When introducing NAs into an existing Series or DataFrame via reindex() or some other means, boolean and integer types will be promoted to a different dtype in order to store the NAs. The promotions are summarized in this table:

| Typeclass | Promotion dtype for storing NAs |
|-----------|--------------------------------|
| floating  | no change                      |
| object    | no change                      |
| integer   | cast to float64                |
| boolean   | cast to object                 |

In [None]:
# Example of boolean type promotion
bool_series = pd.Series([True, False, True], index=['a', 'b', 'c'])
print(f"Original dtype: {bool_series.dtype}")
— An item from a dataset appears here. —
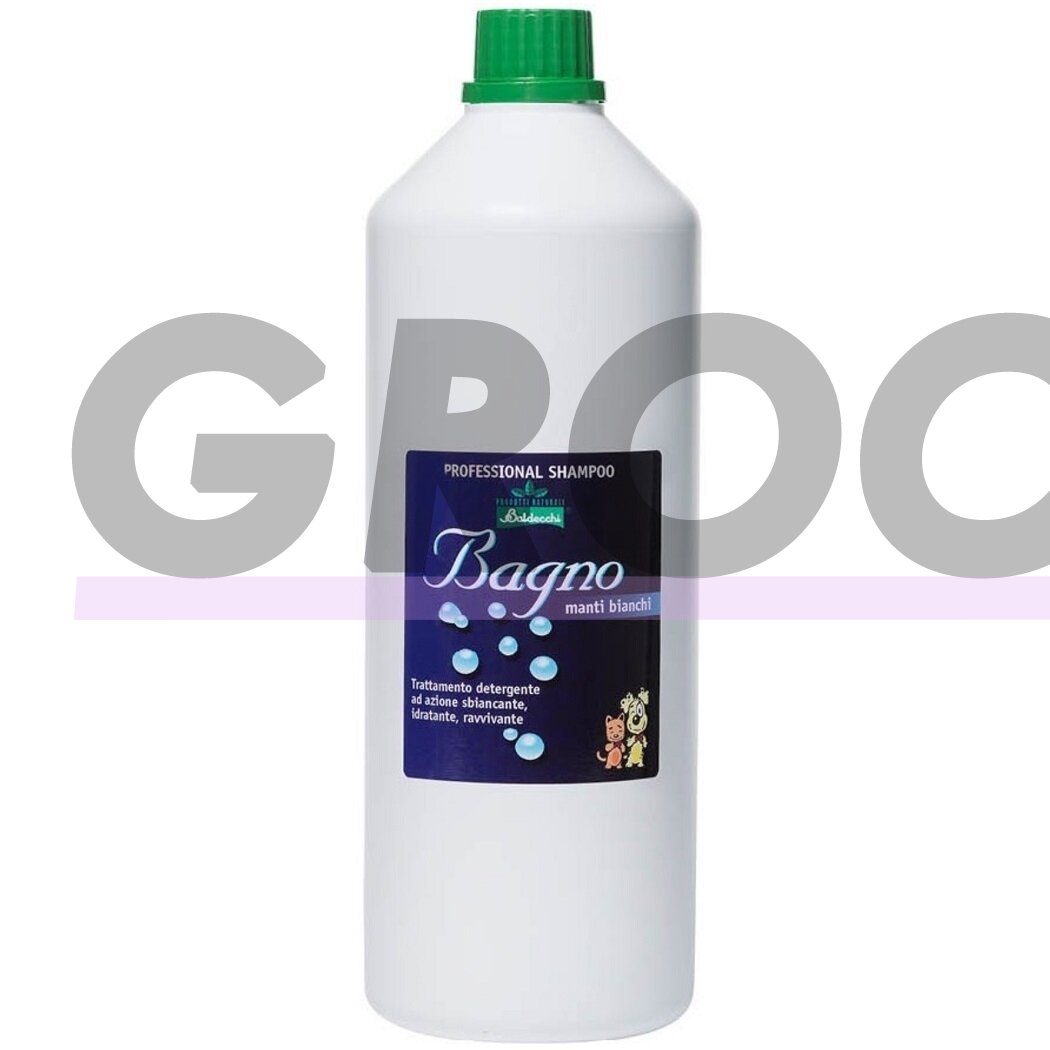 Baldecchi White Hair Bath Shampoo - šviesinantis šampūnas baltam ir šviesiam kailiui. Talpa: 1L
# Reindex to introduce NAs
bool_series2 = bool_series.reindex(['a', 'b', 'c', 'd'])
print(f"Reindexed dtype: {bool_series2.dtype}")
bool_series2

## Conclusion

In this notebook, we've explored:

1. Performance considerations with pandas.eval(), including when to use it and technical details about expression evaluation

2. Strategies for scaling to large datasets, such as loading less data and using chunking

3. Handling of NaN, Integer NA values, and NA type promotions in pandas, including:
   - The choice of NA representation
   - Support for integer NA values using nullable integer data types
   - Type promotions that occur when introducing NAs into different data types

These concepts are important for efficient data manipulation and analysis with pandas, especially when working with large datasets or dealing with missing values.